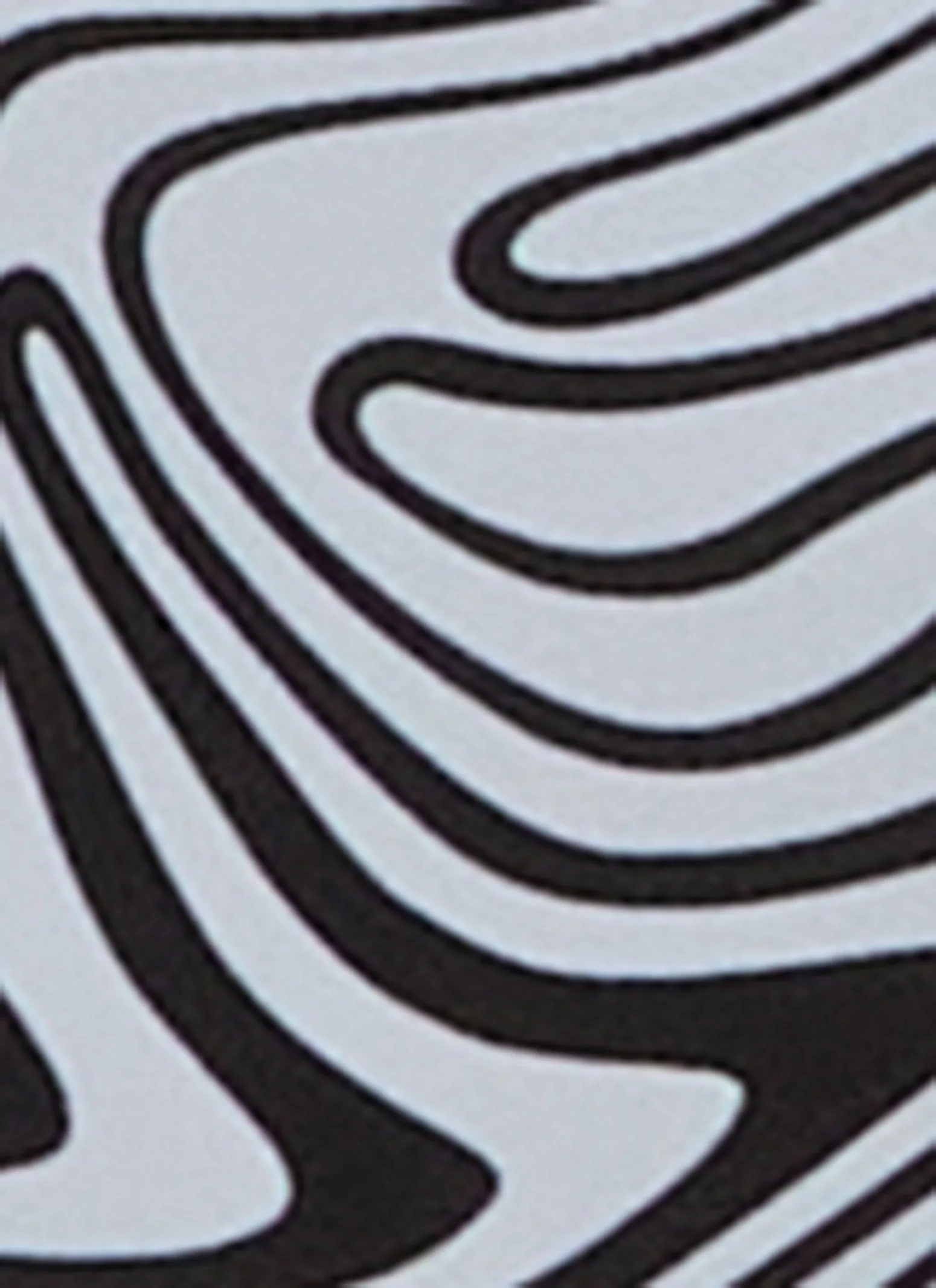 Zebra Swirl Print Ruffled Swim Bikini Bottoms sold by Rainbow product image thumbnail 3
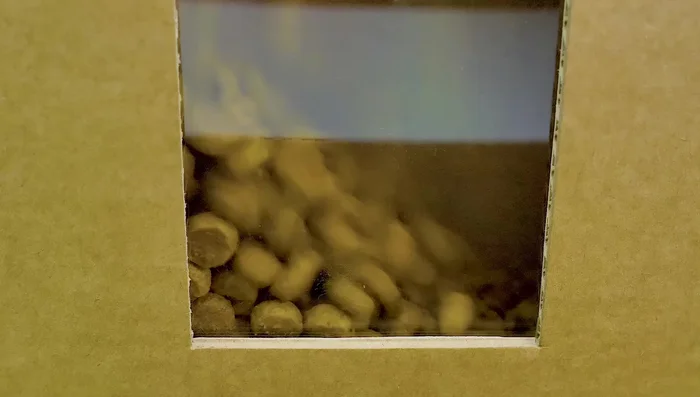 Fill the dispenser with cat food and water.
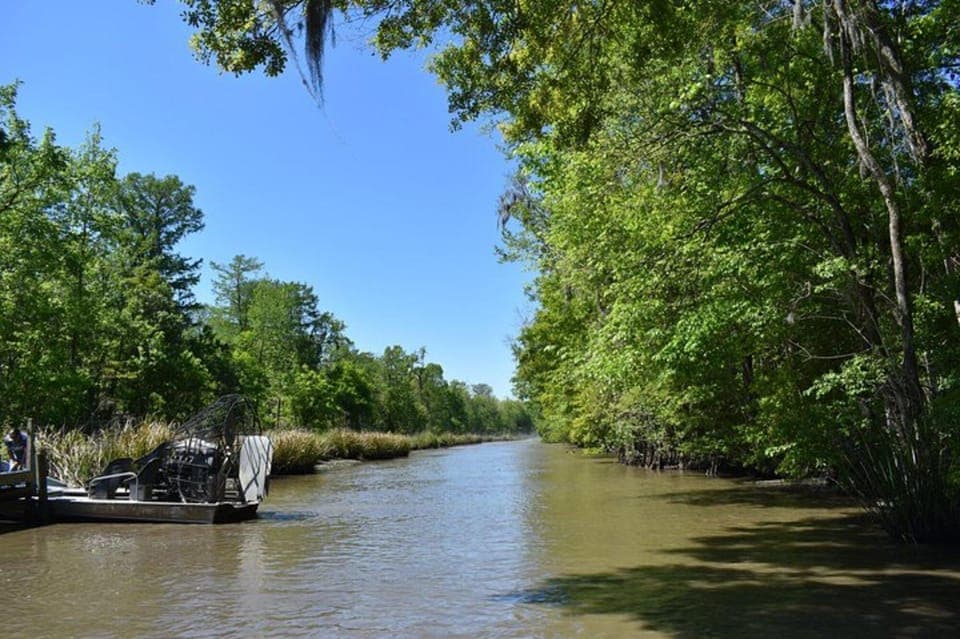 Oak Alley Plantation Tour and Airboat Tour Gallery Image 3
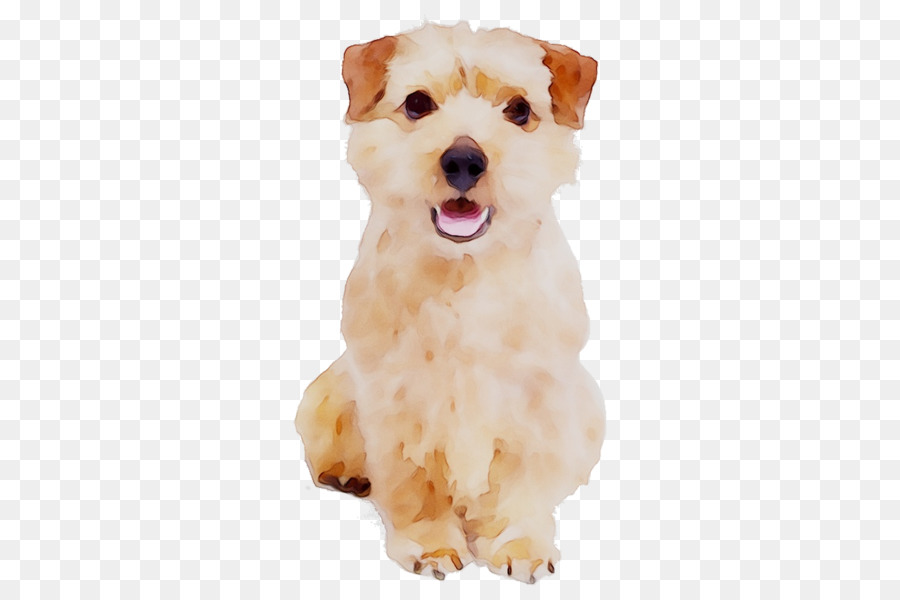 Cachorro Marrón，Perro PNG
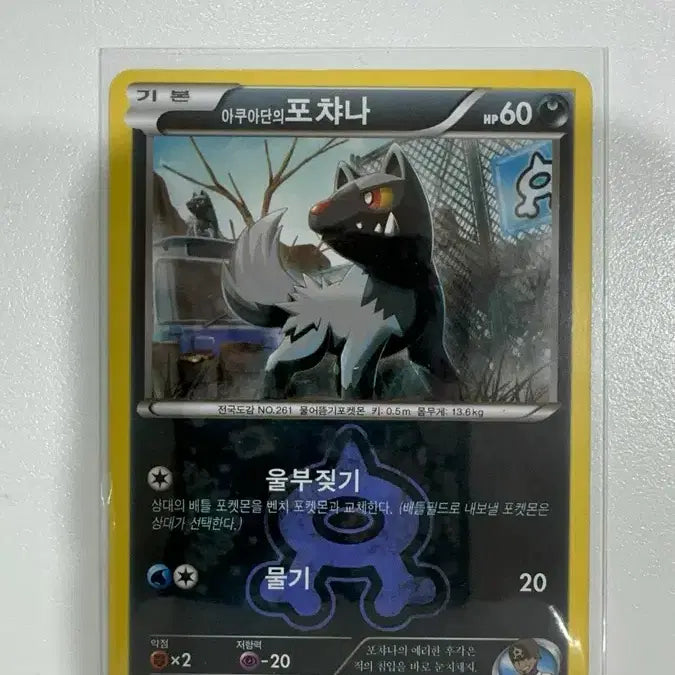 [BUNJANG] Pokemon Cards / 포켓몬카드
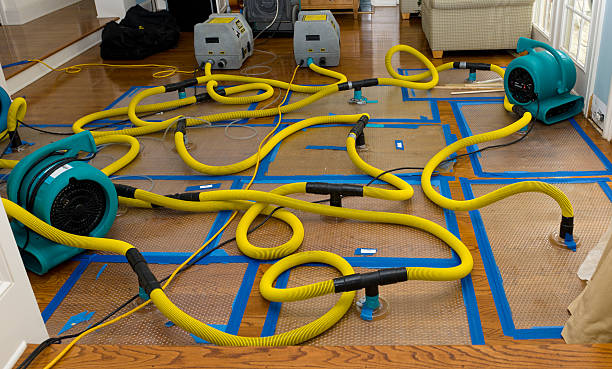Professional Water Extraction technician working in Fremont, CA
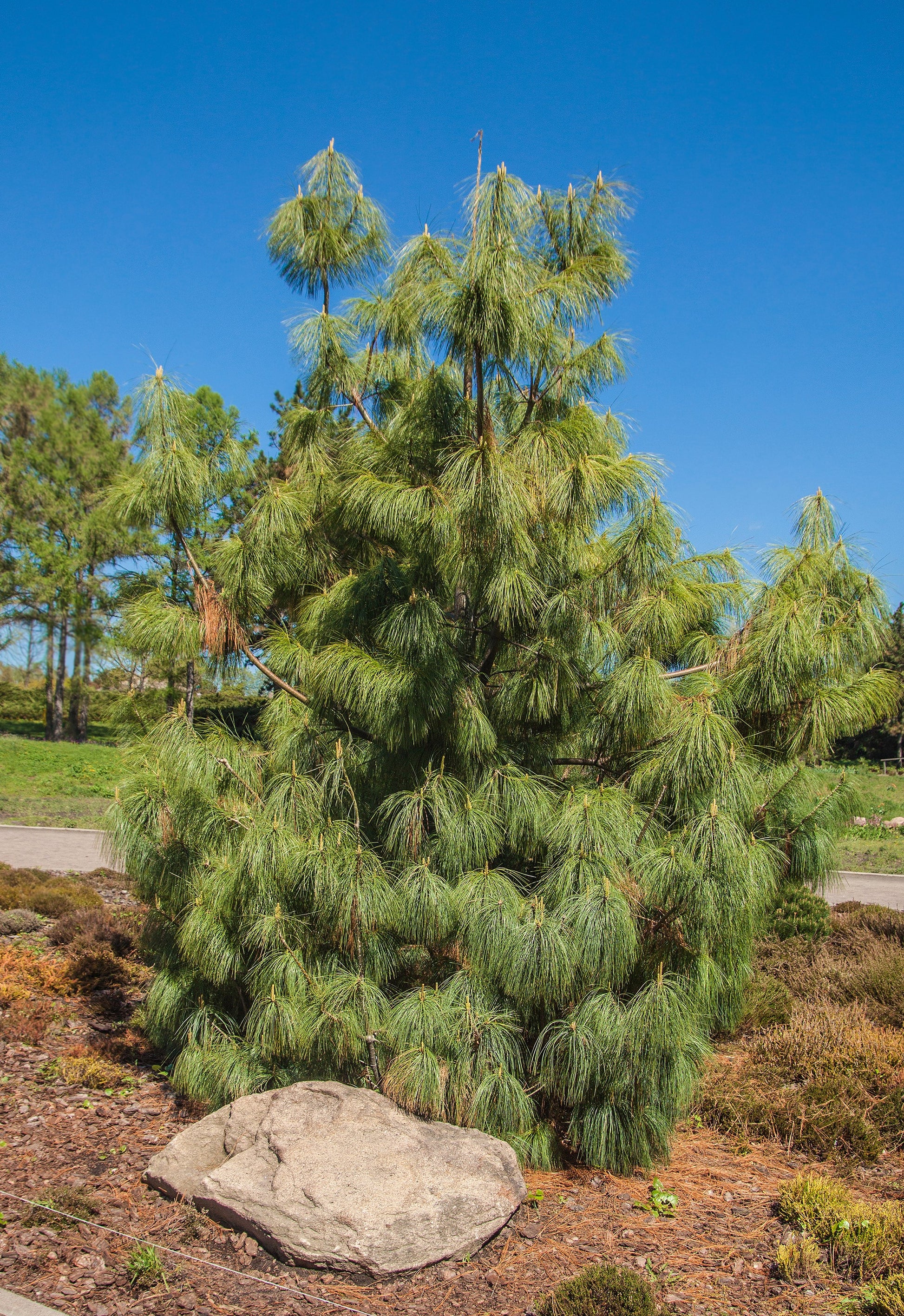 pine garden seeds 30 Mexican WEEPING PINE TREE Evergreen Pinus Patula Seeds – Seedville USA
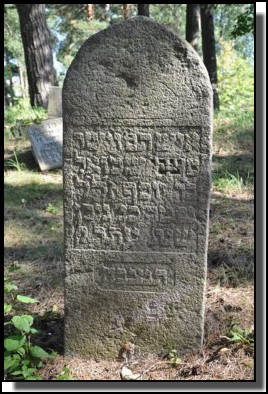 The Jewish cemetery of Livani. Latvia. September 2009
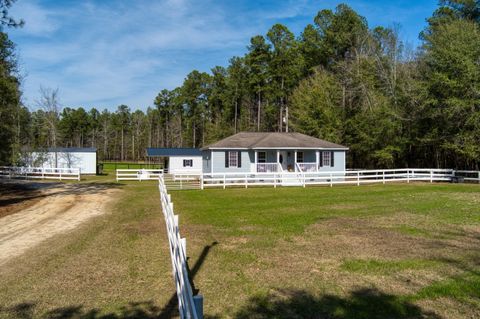 Tiny photo for 371 Nickletop Road, Windsor, SC 29856 (MLS # 222149)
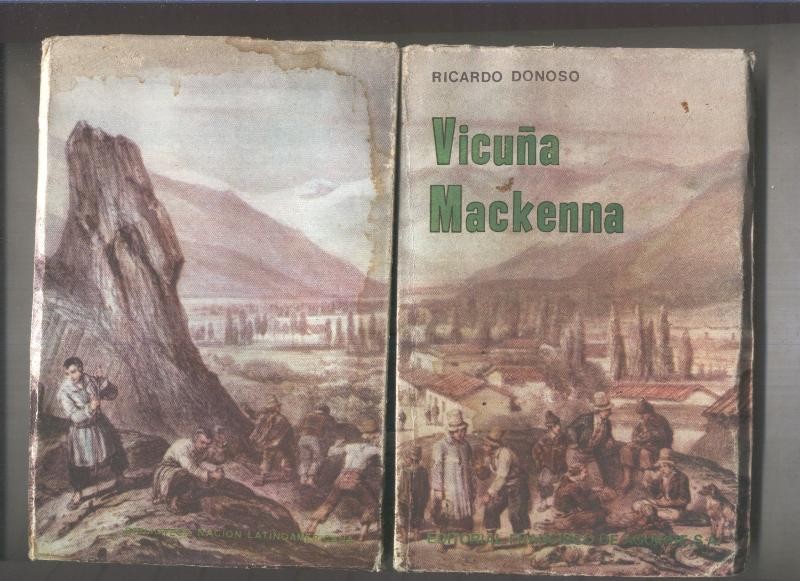 Vicuña Mackenna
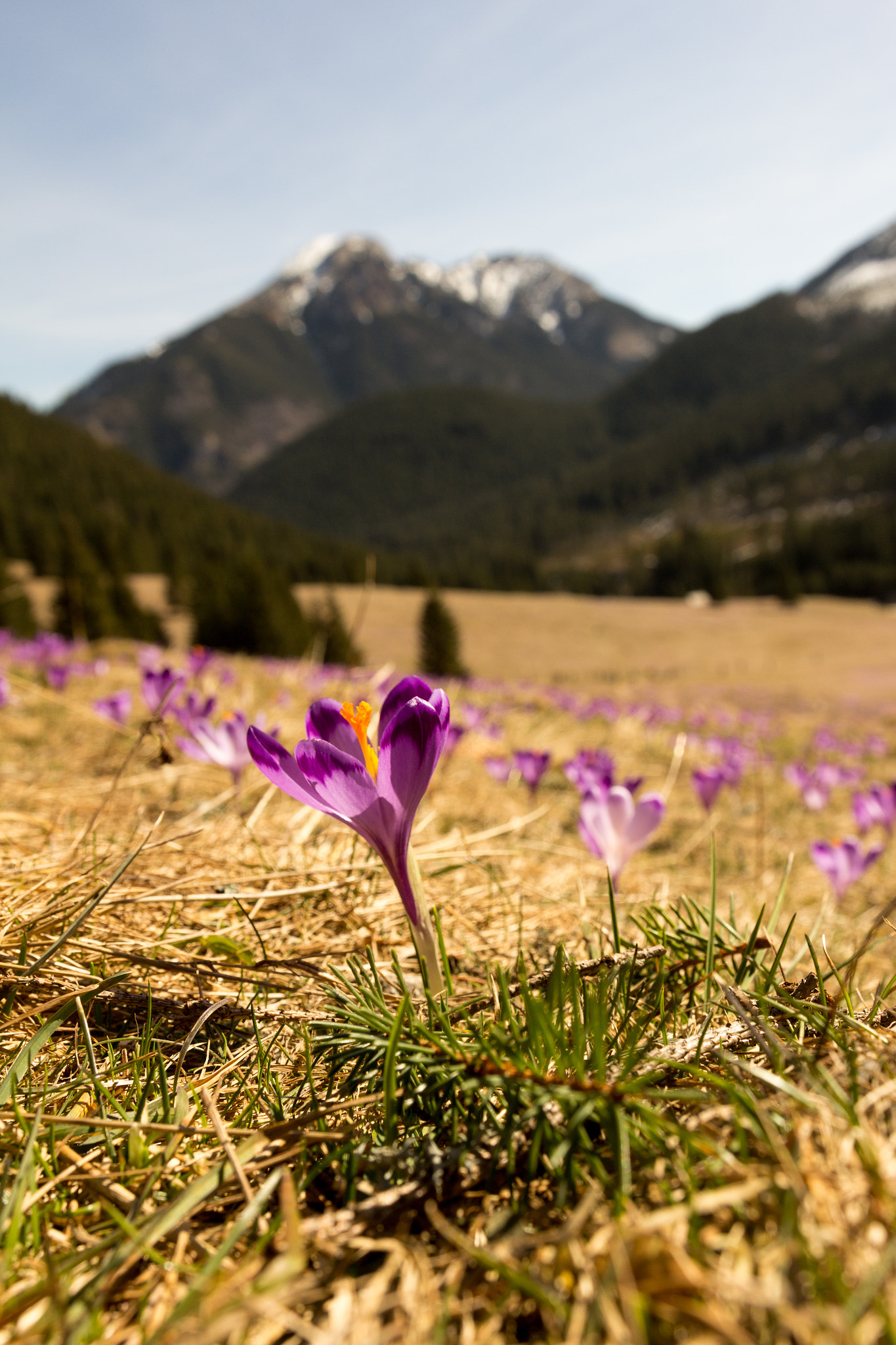 Canon EOS 60D sample photo. Crocus in the mountain photography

HOW TO COMPLETE THIS TASK => Please transcribe the material above exactly as written. Leave the pictures out.

OUTPUT OF THE EXERCISE =>
 Zebra Swirl Print Ruffled Swim Bikini Bottoms sold by Rainbow product image thumbnail 3
 Fill the dispenser with cat food and water.
 Oak Alley Plantation Tour and Airboat Tour Gallery Image 3
 Cachorro Marrón，Perro PNG
 [BUNJANG] Pokemon Cards / 포켓몬카드
Professional Water Extraction technician working in Fremont, CA
 pine garden seeds 30 Mexican WEEPING PINE TREE Evergreen Pinus Patula Seeds – Seedville USA
 The Jewish cemetery of Livani. Latvia. September 2009
 Tiny photo for 371 Nickletop Road, Windsor, SC 29856 (MLS # 222149)
 Vicuña Mackenna
 Canon EOS 60D sample photo. Crocus in the mountain photography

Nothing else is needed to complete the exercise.